In Latvia, it was released on 27 December 2012. In Estonia, it was released on 4 January 2013. In Korea, it was released on 7 February 2013. In Kuwait, it was released on 14 February 2013. In Brazil and Lithuania, it was released on 22 February 2013. In Israel, it was released on 7 March 2013. In Indonesia, it was released on 13 March 2013. In United Arab Emirates, it was released on 28 March 2013 under Warner Bros. In Turkey, it was released on 5 April 2013 under UIP. In Lebanon, it was released on 2 May 2013 under Joe Chacra. In the Netherlands, it will be released on 9 October 2013. In France, it was released this fall of 2013 under Universal Studios. In Poland, it will be released on 26 December 2013. On 15 September 2013, it was confirmed that The Snow Queen will be released in U.S. theaters stateside on 11 October 2013.
The Snow Queen, which was successfully launched in the domestic and international release last year, was released on DVD, Blu-ray, and Real 3D Blu-ray in Russia. Released by "Misteriya Zvuka" it was released on 31 January 2013. In a deluxe edition of the DVD, it contains both 2D and 3D with 3D glasses attached. It was released on VOD on Thursday, 10 October 2013. The film was released on DVD in the United States on 28 January 2014.
The Snow Queen received 85% of positive reviews from critics, adults, and their children in Russia. In the United States, it received mixed reviews. JM Willis reviewed that he liked the characters in The Snow Queen, but could not understand why the Snow Queen would fulfill her purpose without a definite reason as well as other plot contrivances. He gave the movie a "B−." Examiner gave it a "D" and criticized that, "A Russian animated version of “The Snow Queen,” which releases to limited theaters on Oct. 11, looks like it belongs with the “Hoodwinked!” films. That’s not meant to be a compliment. The animation looks incredibly cheap and ugly, and it doesn’t help that the film is filled with repeated and unfunny jokes." Another from The Village Voice which said, "A Russian animated adaptation of Hans Christian Andersen's fairy tale, Snow Queen proves both visually cruddy and narratively muddled."

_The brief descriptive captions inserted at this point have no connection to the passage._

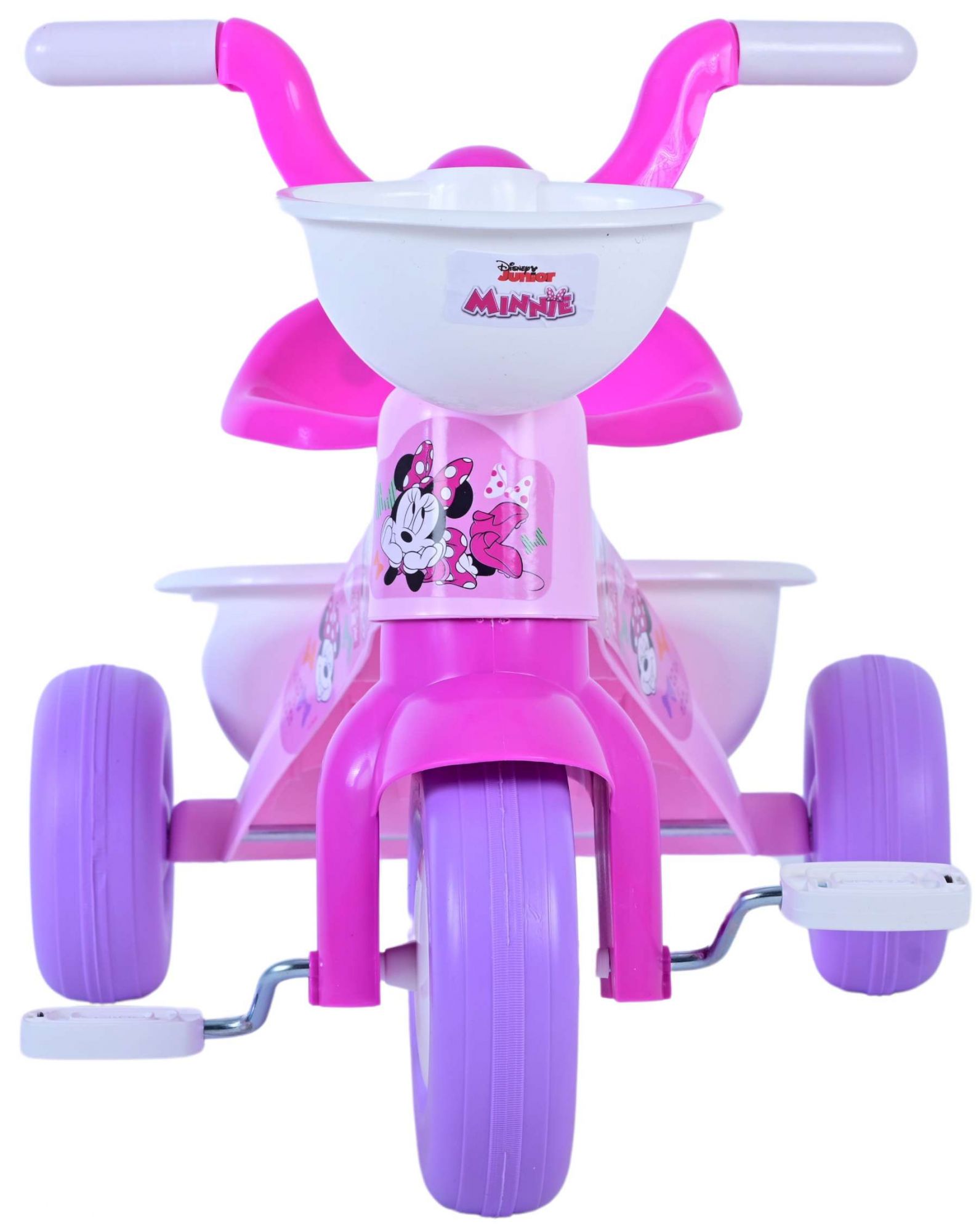 Dreirad Disney Minnie für Mädchen Kinderrad in Rosa 10 Zoll Dreirad Disney Minnie für Mädchen Kinderrad in Rosa 10 Zoll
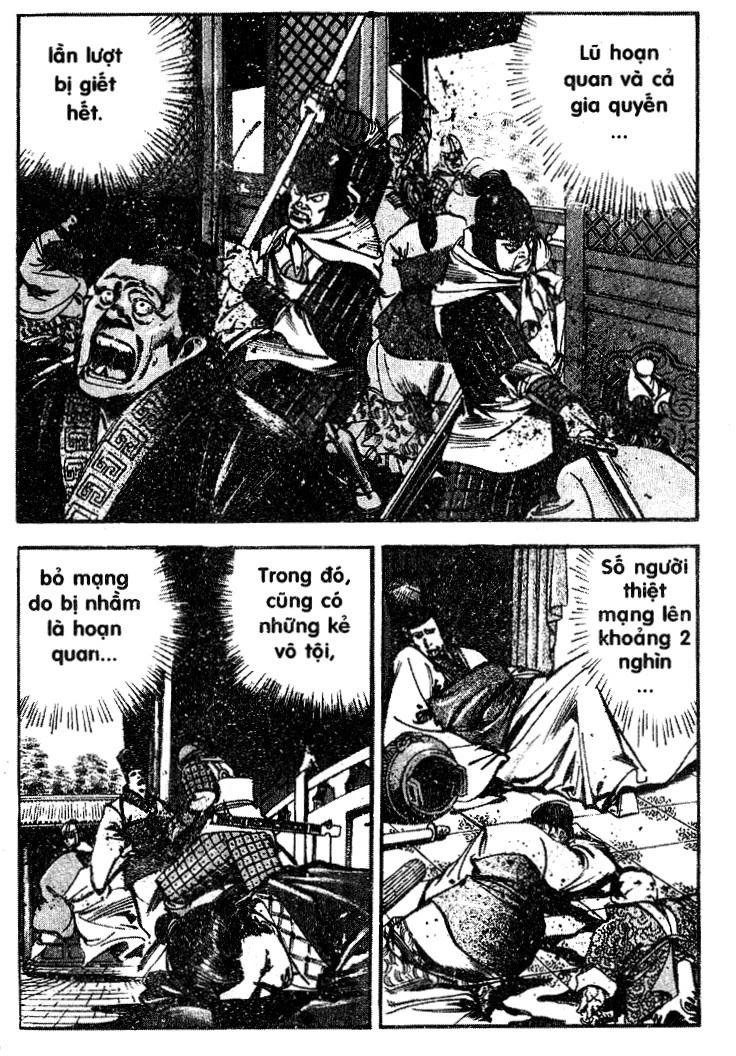 Tam Quốc Diễn Nghĩa (Không màu) Chapter 14 - 28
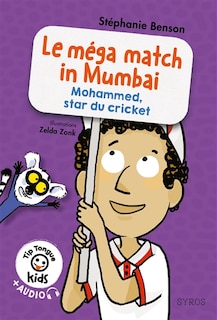 Front cover_Le méga match in Mumbai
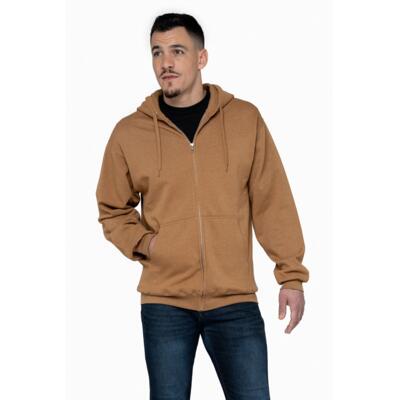 ATC™ EARTH WASH® TOURBILLON FLEECE FULL ZIP HOODIE Thumbnail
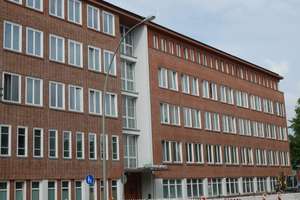 Hamburg-Harburg: Möbliertes 1-Zimmer-Appartement in gepflegter Studentenwohnanlage, Fahrstuhl uvm. – Die vollständige Adresse der Immobilie erhältst du vom Anbieter., 21079 Harburg (Ortsteil), Hamburg – Vorschaubild 4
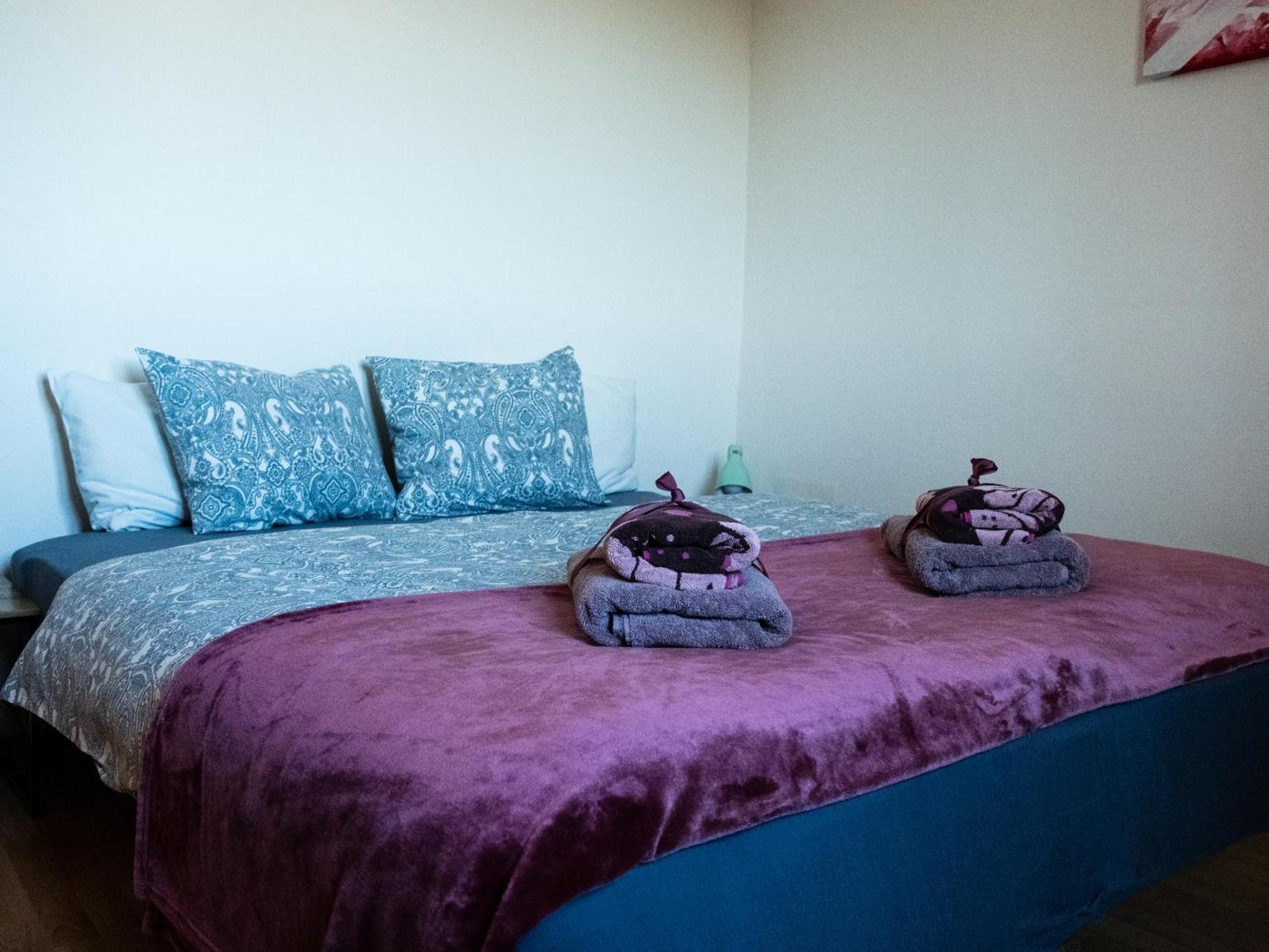 Apartment 43 Oberhoflein Екстер'єр фото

Bleeding Cool summarized the film's strengths and weaknesses with "Seeing as the budget was only around $7 million, this trailer for an animated version of Hans Christian Anderson’s The Snow Queen looks surprisingly well-detailed and nicely lit. The character design is fair too, if rather derivative, but the animation is, shall we say, variable. And the voice work? Shocking."

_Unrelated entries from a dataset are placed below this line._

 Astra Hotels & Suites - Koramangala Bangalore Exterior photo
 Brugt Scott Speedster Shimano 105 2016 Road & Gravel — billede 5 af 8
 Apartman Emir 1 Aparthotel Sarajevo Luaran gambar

Mike McGranaghan for The Aisle Seat commented that "there's nothing inherently wrong with Snow Queen. It's a pleasant enough movie with some nice visuals... That said, the problem faced by the movie is that, while it's not bad, it's also simply not good enough." In particular the review took issue with the plot structure stating "the story is kind of disjointed... These moments feel more like a set of ideas than an actual plot, however. Never are they substantially integrated into the main idea of the movie", concluding finally that "Compared to [big name American animated films], Snow Queen is an also-ran."

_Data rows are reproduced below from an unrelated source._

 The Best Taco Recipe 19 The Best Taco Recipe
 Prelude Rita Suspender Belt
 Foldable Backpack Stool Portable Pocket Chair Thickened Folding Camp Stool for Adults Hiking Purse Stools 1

As well as the plot, others took issue with the film's character development: "My biggest complaint about the film is that it's rather stiff and simply doesn't flow well. I don't mean the pacing, in that regard it's just fine... but aside from brief moments it just doesn't come alive. Gerda doesn't grow as a character or seem to come to a better understanding of the world around her, Kai isn't exactly in a position to change, and I actually liked the snow queen's part of the story until they shoehorn in a moral at the last minute... But they didn't and now it makes the characters feel even more two-dimensional than they already did. Gerda doesn't know Kai long enough to make her quest understandable and every other character she meets is on screen so briefly that it feels more like a set of passing encounters instead of the meaningful meetings you find in fairy tales."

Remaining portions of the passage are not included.